Le Canada est indépendant depuis 1867, mais pour sa politique étrangère, c’est un dominion, donc il fait partie de l’Empire britannique. Lorsque l’Empire britannique déclare la guerre à l’Allemagne le 4 août 1914, tous les dominions sont impliqués. À ce moment-là, on l’imagine aisément, le Canada ne dispose pas d’une véritable armée, explique Chantal Kesteloot : "Il va donc y avoir un appel aux volontaires. A la bataille de Vimy, ce sont encore des volontaires canadiens : il sont des milliers, on estime à 650 000 le nombre de soldats canadiens qui vont participer à la Première Guerre mondiale, des milliers de volontaires canadiens vont traverser l’Atlantique vont venir se battre. Ils vont participer à une série de batailles. La première participation des Canadiens, c’est chez nous, c’est la première bataille d’Ypres, celle où on a pour la première fois utilisé le gaz. Ces Canadiens vont petit à petit s’aguerrir, se faire une solide réputation."

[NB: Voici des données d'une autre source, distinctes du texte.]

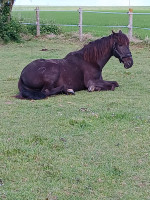 Vente de cheval : Zoro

"Au départ, il n’y a pas du tout d’armée constituée : c’est véritablement sur le terrain que naît cette armée canadienne, et pour la première fois les 4 divisions vont participer ensemble à une bataille et c’est cette prise de Vimy. Il y aura d’autres batailles par la suite auxquelles ils vont participer conjointement, mais c’est une première et le fait qu’elle se passe, que ce soit une victoire et une victoire rapide, fait de ce moment un moment tout à fait emblématique, qui va en quelque sorte aussi avoir pour impact d’avoir pour la première fois un Canadien à la tête du Corps expéditionnaire canadien. Donc, ça va forger cette identité et lorsque les Canadiens rentrent chez eux, grosso modo on peut dire que leur expérience de la Première Guerre mondiale a consolidé cette identité canadienne, ce qui explique cette place importante du mémorial de Vimy."

Justin Trudeau a eu des mots forts dimanche : il a affirmé " le Canada est né ici ", puisqu’ensuite le Canada est devenu signataire du traité de Versailles comme État indépendant. "Très rapidement, cette idée de la naissance du Canada à Vimy va s'imposer", explique Chantal Kesteloot. "Quasiment instantanément après les faits, il va y avoir une exposition en décembre 1917 à Paris. Et très rapidement, l’idée qu’il y a eu quelque chose là, ce qu’on appellera la 'canadianisation', est née effectivement là et ça explique après la Première guerre mondiale. La Première guerre mondiale va avoir cet élément d’importance à la fois pour le Canada, mais aussi pour un autre pays qui est l’Australie, avec la bataille de Gallipoli. On peut dire que la Grande guerre a véritablement forgé les légitimités nationales de ces deux pays".